### TASK
Through the last line of the entries, please copy every line exactly, starting with the one that contains "Woodward County, OK".

Dataset items:
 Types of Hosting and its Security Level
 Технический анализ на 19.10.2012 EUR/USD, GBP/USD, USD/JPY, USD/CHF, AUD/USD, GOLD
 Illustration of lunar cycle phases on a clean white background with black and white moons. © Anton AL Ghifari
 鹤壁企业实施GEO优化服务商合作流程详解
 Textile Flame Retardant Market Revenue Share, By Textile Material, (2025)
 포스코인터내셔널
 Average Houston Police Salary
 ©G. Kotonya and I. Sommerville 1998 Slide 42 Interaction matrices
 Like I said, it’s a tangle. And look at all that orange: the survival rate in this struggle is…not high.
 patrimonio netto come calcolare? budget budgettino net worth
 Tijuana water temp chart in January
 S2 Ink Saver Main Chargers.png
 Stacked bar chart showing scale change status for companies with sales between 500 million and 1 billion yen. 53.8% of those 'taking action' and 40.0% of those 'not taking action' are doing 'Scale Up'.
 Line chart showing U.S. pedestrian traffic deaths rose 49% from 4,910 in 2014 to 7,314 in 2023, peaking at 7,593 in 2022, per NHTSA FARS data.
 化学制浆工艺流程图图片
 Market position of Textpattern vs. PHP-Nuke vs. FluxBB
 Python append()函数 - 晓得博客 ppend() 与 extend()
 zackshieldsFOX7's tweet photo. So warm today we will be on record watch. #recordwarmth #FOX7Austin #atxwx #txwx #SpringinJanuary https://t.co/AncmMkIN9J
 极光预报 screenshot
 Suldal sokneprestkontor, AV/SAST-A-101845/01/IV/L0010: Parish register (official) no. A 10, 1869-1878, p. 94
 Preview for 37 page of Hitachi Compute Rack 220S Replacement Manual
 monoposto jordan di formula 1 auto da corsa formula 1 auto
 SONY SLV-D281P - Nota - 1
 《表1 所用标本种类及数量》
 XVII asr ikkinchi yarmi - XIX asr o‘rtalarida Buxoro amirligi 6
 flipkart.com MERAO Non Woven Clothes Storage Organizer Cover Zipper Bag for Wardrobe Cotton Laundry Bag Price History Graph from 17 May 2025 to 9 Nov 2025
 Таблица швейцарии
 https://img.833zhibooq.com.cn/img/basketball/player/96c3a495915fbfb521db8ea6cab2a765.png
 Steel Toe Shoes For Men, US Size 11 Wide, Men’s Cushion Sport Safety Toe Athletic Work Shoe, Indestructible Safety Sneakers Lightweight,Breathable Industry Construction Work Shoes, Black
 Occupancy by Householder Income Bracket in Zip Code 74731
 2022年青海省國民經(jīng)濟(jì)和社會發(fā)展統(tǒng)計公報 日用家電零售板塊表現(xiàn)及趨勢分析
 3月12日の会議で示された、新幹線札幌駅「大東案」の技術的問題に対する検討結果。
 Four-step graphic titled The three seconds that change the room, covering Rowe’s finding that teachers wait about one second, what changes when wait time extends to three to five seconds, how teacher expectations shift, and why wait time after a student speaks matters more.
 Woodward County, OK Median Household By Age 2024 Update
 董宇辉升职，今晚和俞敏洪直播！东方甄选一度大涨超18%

### COMPLETED TASK
 Woodward County, OK Median Household By Age 2024 Update
 董宇辉升职，今晚和俞敏洪直播！东方甄选一度大涨超18%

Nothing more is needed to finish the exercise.